Die von SAP verfolgten Design-Ziele bei ABAP Objects waren Einfachheit sowie die Verwendung objektorientierter Konzepte, die sich bewährt haben. Der Entwicklungsaufwand für in ABAP oder ABAP Objects geschriebene Programme ist etwa gleich. In ABAP Objects erstellte Hauptprogramme sind aufgrund ihrer Objektstruktur generell weniger umfangreich und dadurch vor allem leichter zu warten. Im Hauptprogramm selbst befinden sich im äußersten Fall beinahe nur noch die Adressen von den Objekten, so genannte Referenz-Zeiger oder Pointer. Das eigentliche Programm ist über die Objekte programmiert. Es bleibt zu beachten, dass SAP R/3 nicht durchgängig in ABAP Objects programmiert ist. So lassen sich etwa Bildschirmmasken nur prozedural programmieren, aber innerhalb der Masken sind Befehle in ABAP Objects verwendbar. ABAP Objects, als echte, kompatible Erweiterung von ABAP, bedient sich klassischer ABAP-Anweisungen, genau wie sich Objects-Anweisungen auch in prozeduralen Programmen verwenden lassen.

Beispiel SD-Beleg

Eine besondere Eigenschaft objektorientierter Programmiersprachen ist das Prinzip der so genannten Vererbung (Inheritance). Methoden und Attribute (Funktionen und Daten) lassen sich an Unterklassen vererben, dort aber spezifisch ausprägen. Die Klasse bildet gewissermaßen “den kleinsten gemeinsamen Nenner”, während die Unterklassen die Unterschiede von der Regel enthalten. Zurück zum Beispiel: SD-Belege wie “Angebot”, “Auftrag”, “Lieferschein” haben vieles gemeinsam. Sie lassen sich anlegen, ändern, löschen, drucken. Also bietet sich für diese Aufgabenstellungen eine allgemeine Klasse “SD-Beleg” an. “Auftrag”, “Angebot” und “Lieferschein” erben von dieser Klasse alle Attribute und Methoden und sind ohne weitere Programmierung anzuwenden.

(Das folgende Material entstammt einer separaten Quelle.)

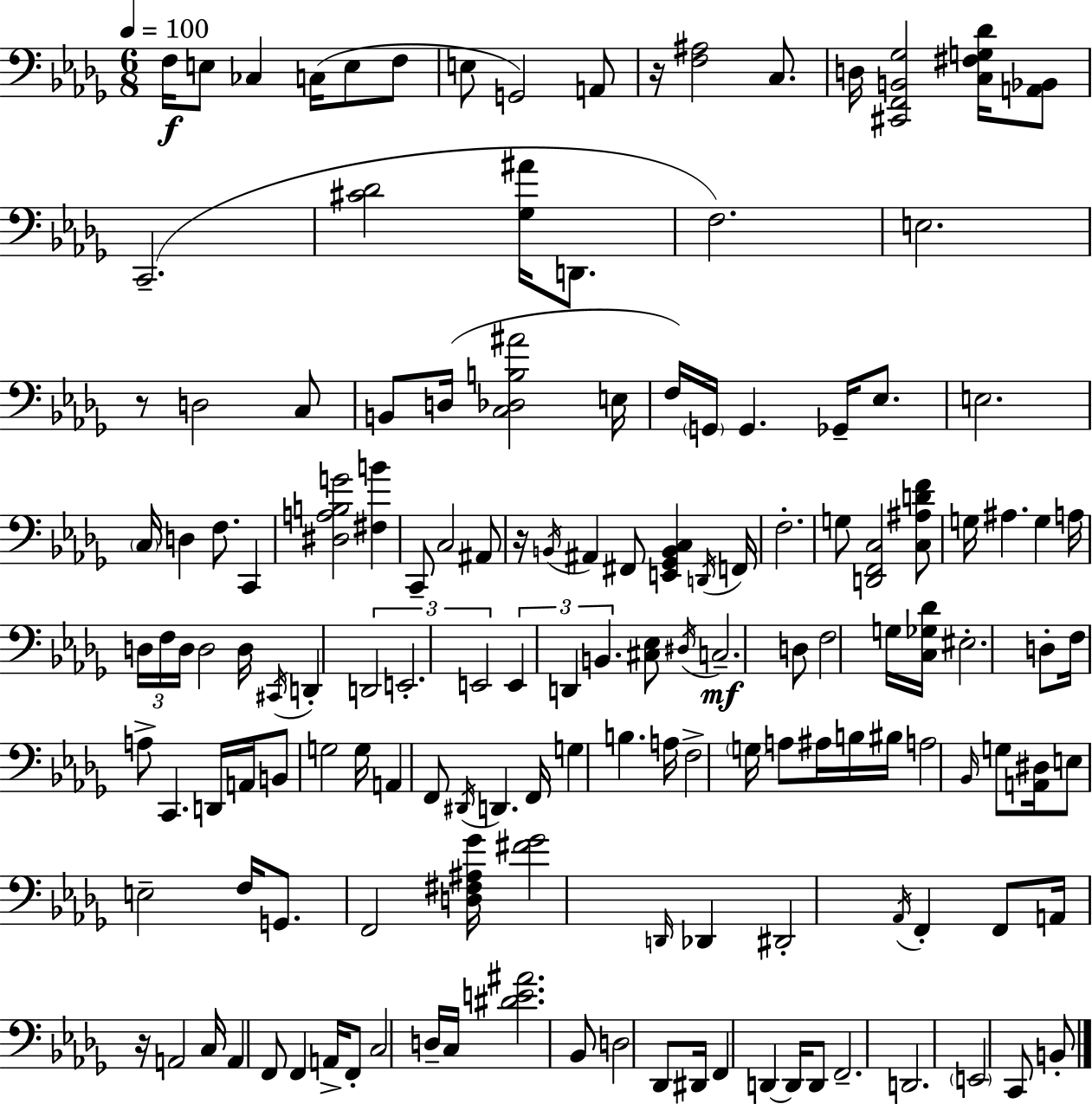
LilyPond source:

{
  \clef bass
  \numericTimeSignature
  \time 6/8
  \key bes \minor
  \tempo 4 = 100
  f16\f e8 ces4 c16( e8 f8 | e8 g,2) a,8 | r16 <f ais>2 c8. | d16 <cis, f, b, ges>2 <c fis g des'>16 <a, bes,>8 | \break c,2.--( | <cis' des'>2 <ges ais'>16 d,8. | f2.) | e2. | \break r8 d2 c8 | b,8 d16( <c des b ais'>2 e16 | f16) \parenthesize g,16 g,4. ges,16-- ees8. | e2. | \break \parenthesize c16 d4 f8. c,4 | <dis a b g'>2 <fis b'>4 | c,8-- c2 ais,8 | r16 \acciaccatura { b,16 } ais,4 fis,8 <e, ges, b, c>4 | \break \acciaccatura { d,16 } f,16 f2.-. | g8 <d, f, c>2 | <c ais d' f'>8 g16 ais4. g4 | a16 \tuplet 3/2 { d16 f16 d16 } d2 | \break d16 \acciaccatura { cis,16 } d,4-. \tuplet 3/2 { d,2 | e,2.-. | e,2 } \tuplet 3/2 { e,4 | d,4 b,4. } | \break <cis ees>8 \acciaccatura { dis16 }\mf c2.-- | d8 f2 | g16 <c ges des'>16 eis2.-. | d8-. f16 a8-> c,4. | \break d,16 a,16 b,8 g2 | g16 a,4 f,8 \acciaccatura { dis,16 } d,4. | f,16 g4 b4. | a16 f2-> | \break \parenthesize g16 a8 ais16 b16 bis16 a2 | \grace { bes,16 } g8 <a, dis>16 e8 e2-- | f16 g,8. f,2 | <d fis ais ges'>16 <fis' ges'>2 | \break \grace { d,16 } des,4 dis,2-. | \acciaccatura { aes,16 } f,4-. f,8 a,16 r16 | a,2 c16 a,4 | f,8 f,4 a,16-> f,8-. c2 | \break d16-- c16 <dis' e' ais'>2. | bes,8 d2 | des,8 dis,16 f,4 | d,4~~ d,16 d,8 f,2.-- | \break d,2. | \parenthesize e,2 | c,8 b,8-. \bar "|."
}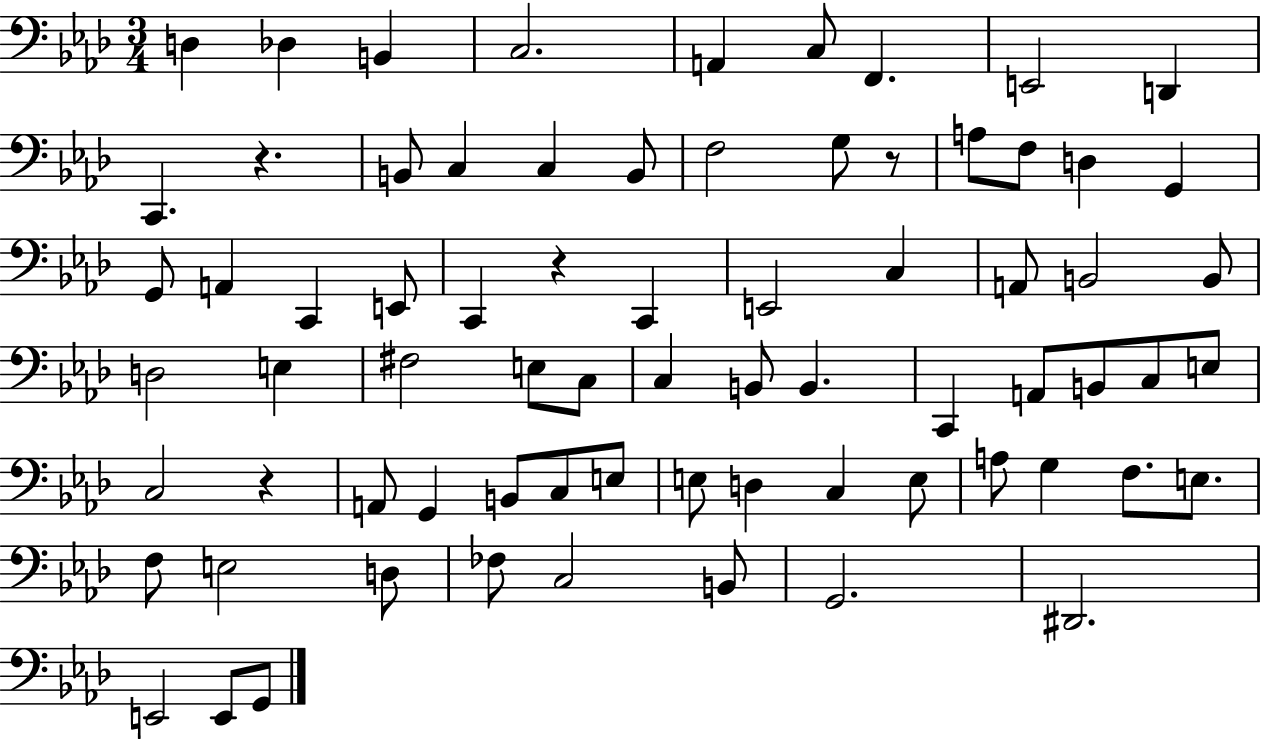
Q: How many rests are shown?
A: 4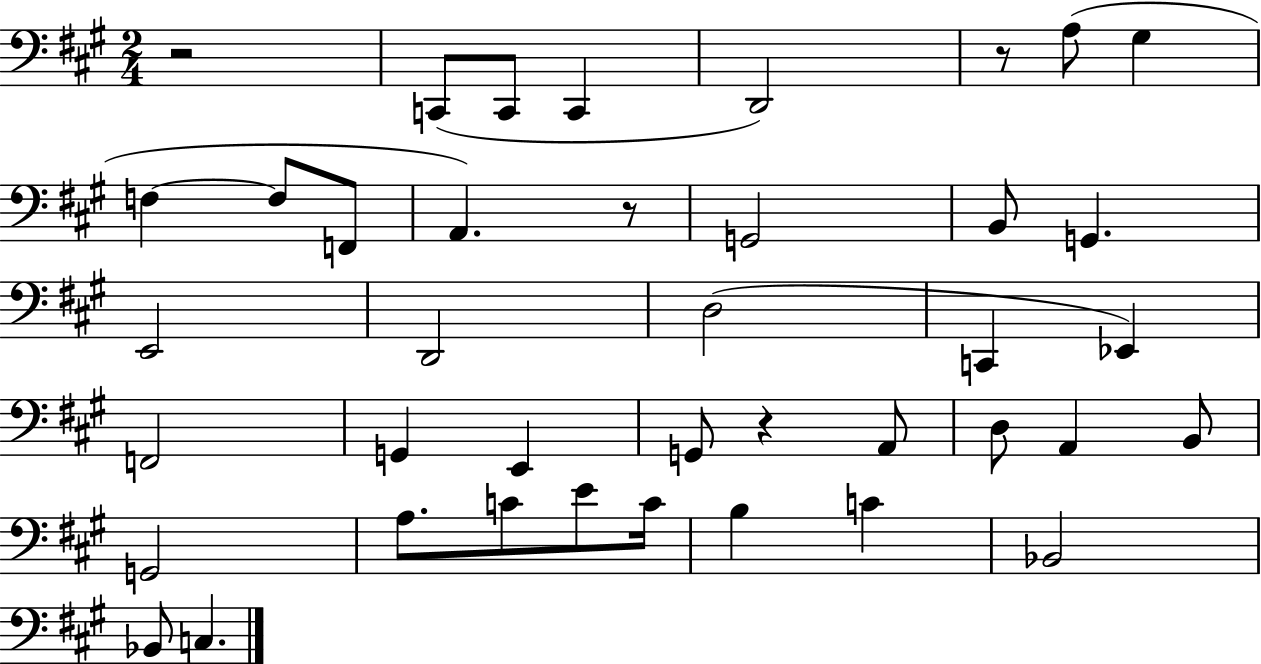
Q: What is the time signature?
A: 2/4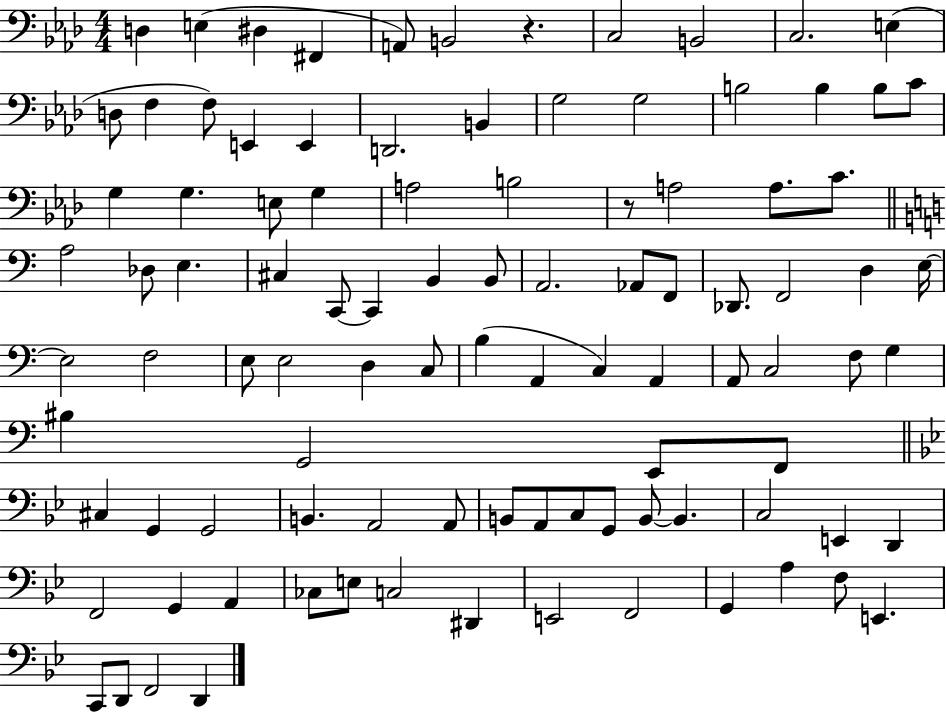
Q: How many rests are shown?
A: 2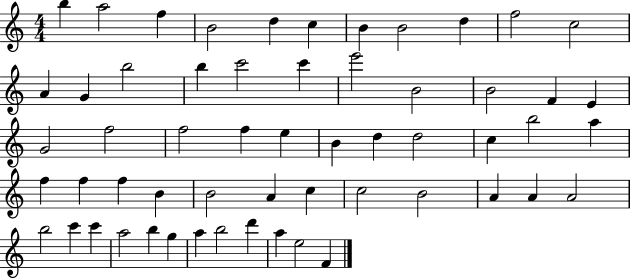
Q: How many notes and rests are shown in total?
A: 57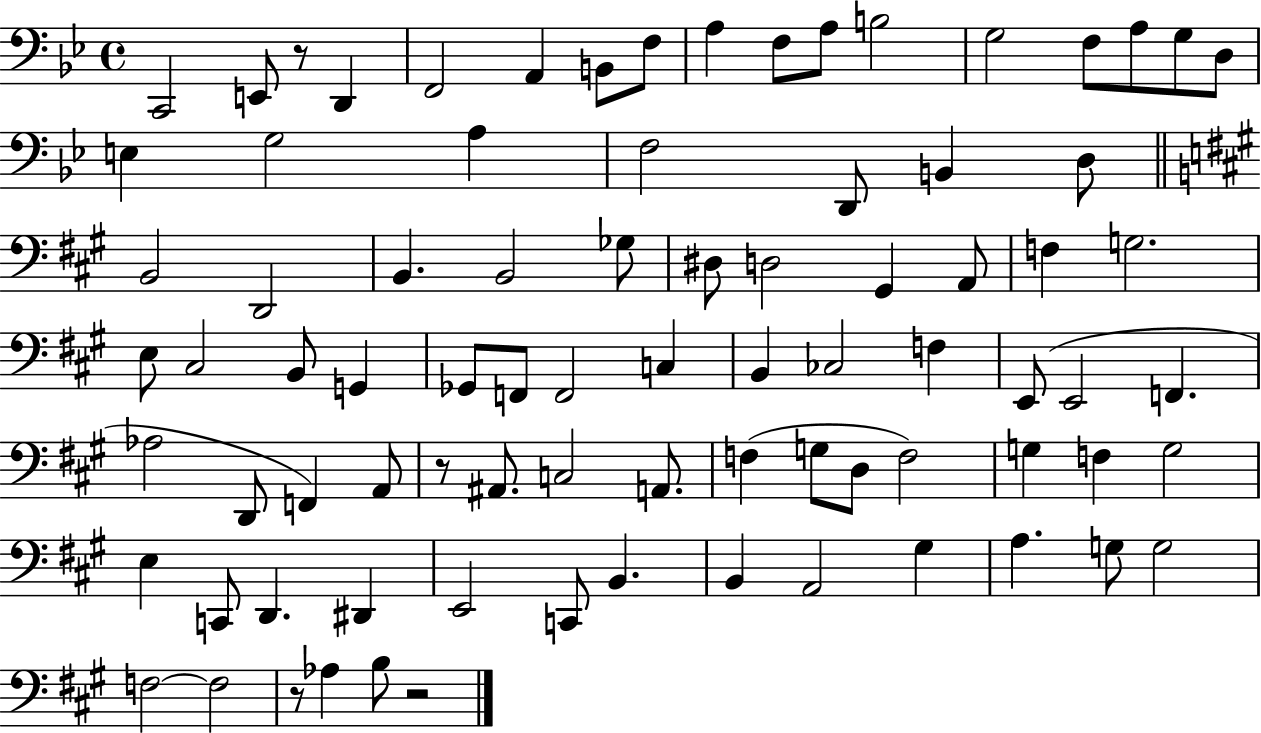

Nun zu den Unterschieden: Nur über den Lieferschein ist es möglich, Ware auszuliefern. Die Methode – also Funktion – “Ausliefern” muss für “Lieferschein” neu hinzugefügt werden. Da die Klasse “SD-Beleg” die Methode “Ausliefern” nicht kennt, kennen auch “Angebot” und “Auftrag” diese Methode nicht. Nur das von der Klasse Abweichende ist zu programmieren (Programming by Difference). Dadurch wird der Aufwand deutlich reduziert und der Forderung nach leicht erweiterbaren Programmkomponenten für die Softwareentwicklung Rechnung getragen.
Darüber hinaus haben “Angebot”, “Auftrag” und “Lieferschein” unter anderem unterschiedliche Ausgaben beim Druck. Deshalb muss bei der Methode “Druck” für das “Angebot” ein anderes Coding als beim “Lieferschein” ablaufen. Auch hier unterstützt ABAP Objects den Programmierer. Über das Redefinieren von Methoden, ist eine klassenspezifische Verarbeitung anzugeben. Weil zudem das Coding an dem Objekt “klebt”, braucht sich der Programmierer beim Aufruf der Methode “Druck” eines beliebigen Objekts der Klasse “SD-Beleg” oder deren Erben nicht darum zu kümmern, dass das korrekte Coding abläuft. Diese Eigenschaft wird fachsprachlich als Polymorphie (Vielgestaltigkeit) bezeichnet.

BAdIs ersetzen User Exits

SAP R/3 ist eine Standard-Software. Dennoch bietet das SAP-Produkt die Möglichkeit, Anpassungen vorzunehmen. Was beispielsweise, wenn ein Kunde wünscht, den aktuellen Lagerbestand eines Artikels im Auftrag zu sehen? Die unpraktikabelste Lösung wäre es, den Standard zu modifizieren. Mit jedem Supportpackage von SAP hätte in diesem Fall der System-Administrator des Kunden neue Arbeit: Immer und immer wieder müsste er dafür sorgen, dass die eigenen Änderungen in dem neuen Programm enthalten sind.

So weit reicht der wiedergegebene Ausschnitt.